The Black Flamingo
Dean Atta
Hachette
Be the bricks, be the sand.
Be the river, be the ocean.
Remember your life is not a movie.
Accept you
will be coming out for your whole life.
The Black Flamingo, poet Dean Atta’s stunning debut novel, is a mixed-media masterpiece about coming out, coming of age, and coming to terms with yourself. With illustrations by Anshika Khullar, Atta tells the story of Michael, a boy growing up in London in the present day. Through a scrapbook of free verse, individual poems, texts, and illustrations, Michael recounts the story of his life from his birth to his debut as a drag performer at university. Michael is born in 1999 to a Greek mother and a Jamaican father. Though his father leaves when he is a baby, Michael retains a connection with his extended Jamaican family.
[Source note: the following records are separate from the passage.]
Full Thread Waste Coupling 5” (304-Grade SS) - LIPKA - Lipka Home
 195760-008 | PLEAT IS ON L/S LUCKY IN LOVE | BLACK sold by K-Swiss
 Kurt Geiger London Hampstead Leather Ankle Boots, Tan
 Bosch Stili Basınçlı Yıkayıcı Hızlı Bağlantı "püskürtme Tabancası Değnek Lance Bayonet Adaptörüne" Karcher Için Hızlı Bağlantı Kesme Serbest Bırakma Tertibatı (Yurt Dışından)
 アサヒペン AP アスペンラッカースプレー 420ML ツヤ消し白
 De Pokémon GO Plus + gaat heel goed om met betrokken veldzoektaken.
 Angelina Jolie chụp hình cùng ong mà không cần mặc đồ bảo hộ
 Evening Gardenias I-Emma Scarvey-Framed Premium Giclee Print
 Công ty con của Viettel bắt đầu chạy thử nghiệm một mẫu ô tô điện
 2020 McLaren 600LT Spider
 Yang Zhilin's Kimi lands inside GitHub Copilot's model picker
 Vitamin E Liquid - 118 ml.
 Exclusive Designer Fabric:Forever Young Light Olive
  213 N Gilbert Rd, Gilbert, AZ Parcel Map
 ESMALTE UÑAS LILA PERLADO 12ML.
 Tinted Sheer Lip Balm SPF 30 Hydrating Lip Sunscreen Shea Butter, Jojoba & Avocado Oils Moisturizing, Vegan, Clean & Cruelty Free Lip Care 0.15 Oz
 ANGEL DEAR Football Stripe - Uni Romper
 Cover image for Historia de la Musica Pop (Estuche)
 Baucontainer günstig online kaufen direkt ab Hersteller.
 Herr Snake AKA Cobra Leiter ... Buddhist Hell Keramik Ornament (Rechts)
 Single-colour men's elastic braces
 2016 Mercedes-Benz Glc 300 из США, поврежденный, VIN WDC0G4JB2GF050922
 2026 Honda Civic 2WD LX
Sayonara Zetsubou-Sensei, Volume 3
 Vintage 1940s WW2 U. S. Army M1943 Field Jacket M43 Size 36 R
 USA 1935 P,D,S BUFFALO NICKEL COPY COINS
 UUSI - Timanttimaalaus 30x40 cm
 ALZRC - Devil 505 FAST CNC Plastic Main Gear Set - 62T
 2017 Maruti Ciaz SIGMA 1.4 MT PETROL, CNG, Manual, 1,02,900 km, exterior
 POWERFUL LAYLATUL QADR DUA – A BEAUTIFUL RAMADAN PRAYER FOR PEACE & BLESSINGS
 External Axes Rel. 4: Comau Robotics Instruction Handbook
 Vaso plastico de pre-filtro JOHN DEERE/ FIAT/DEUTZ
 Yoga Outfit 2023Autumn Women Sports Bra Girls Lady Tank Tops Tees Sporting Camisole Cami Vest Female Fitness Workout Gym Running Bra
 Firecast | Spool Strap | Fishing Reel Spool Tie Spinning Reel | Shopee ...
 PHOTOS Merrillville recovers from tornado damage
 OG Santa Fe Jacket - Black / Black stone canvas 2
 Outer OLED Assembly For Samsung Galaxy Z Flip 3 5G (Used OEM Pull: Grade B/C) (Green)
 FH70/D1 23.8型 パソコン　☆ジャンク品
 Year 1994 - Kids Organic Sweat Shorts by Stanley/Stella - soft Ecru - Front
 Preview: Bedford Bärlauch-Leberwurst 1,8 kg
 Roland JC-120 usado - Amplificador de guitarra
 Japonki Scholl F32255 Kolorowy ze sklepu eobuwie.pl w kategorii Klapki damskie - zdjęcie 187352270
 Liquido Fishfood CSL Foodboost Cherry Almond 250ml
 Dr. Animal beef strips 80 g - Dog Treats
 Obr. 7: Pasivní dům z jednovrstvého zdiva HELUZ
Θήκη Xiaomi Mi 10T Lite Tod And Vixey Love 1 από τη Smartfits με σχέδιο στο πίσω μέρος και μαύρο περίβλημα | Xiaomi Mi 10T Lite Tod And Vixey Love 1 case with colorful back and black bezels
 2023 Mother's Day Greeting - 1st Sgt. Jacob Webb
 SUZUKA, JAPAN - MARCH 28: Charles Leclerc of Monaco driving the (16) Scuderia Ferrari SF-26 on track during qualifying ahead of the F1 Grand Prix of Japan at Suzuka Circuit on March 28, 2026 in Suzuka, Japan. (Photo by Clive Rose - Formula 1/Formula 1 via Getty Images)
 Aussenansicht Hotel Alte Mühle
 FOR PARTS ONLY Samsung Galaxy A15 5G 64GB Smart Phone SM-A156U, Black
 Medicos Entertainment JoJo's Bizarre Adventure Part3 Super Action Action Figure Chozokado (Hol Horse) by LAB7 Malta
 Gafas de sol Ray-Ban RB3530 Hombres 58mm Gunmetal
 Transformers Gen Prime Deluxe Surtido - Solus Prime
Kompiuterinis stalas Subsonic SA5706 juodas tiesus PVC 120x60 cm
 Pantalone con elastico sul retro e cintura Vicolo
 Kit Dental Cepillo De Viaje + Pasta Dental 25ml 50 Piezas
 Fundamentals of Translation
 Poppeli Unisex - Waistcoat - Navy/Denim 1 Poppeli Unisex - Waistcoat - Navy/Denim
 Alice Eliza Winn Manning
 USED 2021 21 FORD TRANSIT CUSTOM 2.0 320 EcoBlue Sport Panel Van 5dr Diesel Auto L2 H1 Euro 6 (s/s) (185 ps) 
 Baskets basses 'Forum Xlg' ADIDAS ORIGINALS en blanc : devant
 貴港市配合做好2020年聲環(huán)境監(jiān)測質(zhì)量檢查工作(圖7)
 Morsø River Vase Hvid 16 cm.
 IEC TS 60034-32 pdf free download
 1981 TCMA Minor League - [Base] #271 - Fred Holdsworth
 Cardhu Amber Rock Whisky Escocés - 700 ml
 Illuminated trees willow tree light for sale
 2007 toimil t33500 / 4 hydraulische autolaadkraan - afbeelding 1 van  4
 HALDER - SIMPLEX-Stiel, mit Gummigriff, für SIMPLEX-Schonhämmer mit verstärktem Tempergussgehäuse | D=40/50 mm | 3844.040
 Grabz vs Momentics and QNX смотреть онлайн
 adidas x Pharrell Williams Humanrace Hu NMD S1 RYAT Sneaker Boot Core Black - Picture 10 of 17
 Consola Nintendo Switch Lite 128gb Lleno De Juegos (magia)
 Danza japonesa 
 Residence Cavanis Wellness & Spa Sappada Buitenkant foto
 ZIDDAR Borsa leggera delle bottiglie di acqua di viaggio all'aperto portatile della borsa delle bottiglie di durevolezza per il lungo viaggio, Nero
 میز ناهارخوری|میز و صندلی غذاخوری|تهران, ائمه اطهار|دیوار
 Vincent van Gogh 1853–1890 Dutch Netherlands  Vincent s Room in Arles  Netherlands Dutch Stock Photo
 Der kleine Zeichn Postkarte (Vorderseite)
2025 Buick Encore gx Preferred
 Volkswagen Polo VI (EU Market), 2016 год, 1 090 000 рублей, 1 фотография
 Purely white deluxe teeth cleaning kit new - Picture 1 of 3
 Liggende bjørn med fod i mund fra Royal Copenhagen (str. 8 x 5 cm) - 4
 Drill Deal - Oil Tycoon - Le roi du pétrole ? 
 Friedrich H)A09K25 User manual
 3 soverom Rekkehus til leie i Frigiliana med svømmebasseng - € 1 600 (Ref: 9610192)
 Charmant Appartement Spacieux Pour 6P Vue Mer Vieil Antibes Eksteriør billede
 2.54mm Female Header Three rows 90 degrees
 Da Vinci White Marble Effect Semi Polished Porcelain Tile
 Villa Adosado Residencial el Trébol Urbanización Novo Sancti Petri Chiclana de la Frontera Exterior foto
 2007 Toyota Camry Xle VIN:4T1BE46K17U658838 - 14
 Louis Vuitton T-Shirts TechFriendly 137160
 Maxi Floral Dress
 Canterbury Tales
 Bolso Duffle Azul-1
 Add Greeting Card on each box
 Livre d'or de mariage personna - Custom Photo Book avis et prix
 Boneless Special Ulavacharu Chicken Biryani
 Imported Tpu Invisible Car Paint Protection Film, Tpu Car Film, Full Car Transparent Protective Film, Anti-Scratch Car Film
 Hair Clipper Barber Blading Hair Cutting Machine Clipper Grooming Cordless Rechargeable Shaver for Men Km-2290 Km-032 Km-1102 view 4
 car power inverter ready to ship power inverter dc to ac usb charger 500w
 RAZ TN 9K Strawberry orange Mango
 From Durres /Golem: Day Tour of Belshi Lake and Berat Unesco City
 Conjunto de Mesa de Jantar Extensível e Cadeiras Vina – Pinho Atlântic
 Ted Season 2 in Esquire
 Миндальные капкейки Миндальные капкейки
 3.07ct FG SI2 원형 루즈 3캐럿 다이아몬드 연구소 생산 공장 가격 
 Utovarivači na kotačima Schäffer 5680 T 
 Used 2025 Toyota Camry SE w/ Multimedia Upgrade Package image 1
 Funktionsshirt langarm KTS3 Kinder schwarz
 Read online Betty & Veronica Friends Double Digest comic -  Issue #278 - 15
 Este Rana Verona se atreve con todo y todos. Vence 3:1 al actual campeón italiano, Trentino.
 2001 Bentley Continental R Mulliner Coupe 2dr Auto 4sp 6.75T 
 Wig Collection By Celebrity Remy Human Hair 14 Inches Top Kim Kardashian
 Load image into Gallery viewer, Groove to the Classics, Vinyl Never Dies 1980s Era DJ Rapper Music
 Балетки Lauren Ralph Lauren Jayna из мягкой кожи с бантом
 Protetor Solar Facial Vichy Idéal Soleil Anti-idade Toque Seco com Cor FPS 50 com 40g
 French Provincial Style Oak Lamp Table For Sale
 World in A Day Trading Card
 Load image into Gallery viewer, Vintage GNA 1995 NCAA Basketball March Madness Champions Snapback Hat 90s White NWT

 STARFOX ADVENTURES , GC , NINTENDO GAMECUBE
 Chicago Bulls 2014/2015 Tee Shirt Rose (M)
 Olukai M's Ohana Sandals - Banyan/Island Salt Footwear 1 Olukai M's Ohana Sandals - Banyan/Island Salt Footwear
Throughout the novel, Michael grapples with mixedness—what it means to be all of two things, rather than two halves. Michael’s relationship with his best friend, Daisy, is fraught with discoveries—that mixedness does not mean the same thing to everyone, that being gay means coming out, taking risks your whole life. Through family vacations, sleepovers, and nights out, Michael and Daisy eventually have a falling out, and Michael finds himself adrift.
Michael leaves London for university in Brighton. Never feeling black enough, or Greek enough, or gay enough, Michael joins the drag society in pursuit of a place to belong.
make up my mind,
I’m going to do that,
whatever that is,
whatever that means.
Atta’s narration of Michael’s journey to becoming himself is expertly, empathically structured to burn and soothe, shock and warm the reader. It is an ode to inner beauty, an instruction manual for self love. The Black Flamingo is a coming-of-age novel reimagined for today’s teenagers and adults alike. Atta’s verse is imaginative and easy to follow. While the structure is fairly straightforward, the content is complex, sophisticated, and deeply emotional. It serves as a reminder that your voice, no matter how many times it has been silenced, can always be found again. Through Michael’s words, Atta’s voice comes through with gut-wrenching clarity. Queer people of colour face violence, rejection, erasure—but Michael, a fictional teenager leaping off of the page with emotion and realism, finds strength in unbelonging.
The book sends a crucial message—it is more than okay, it is superb to be you. You are perfect. You are beautiful. You belong.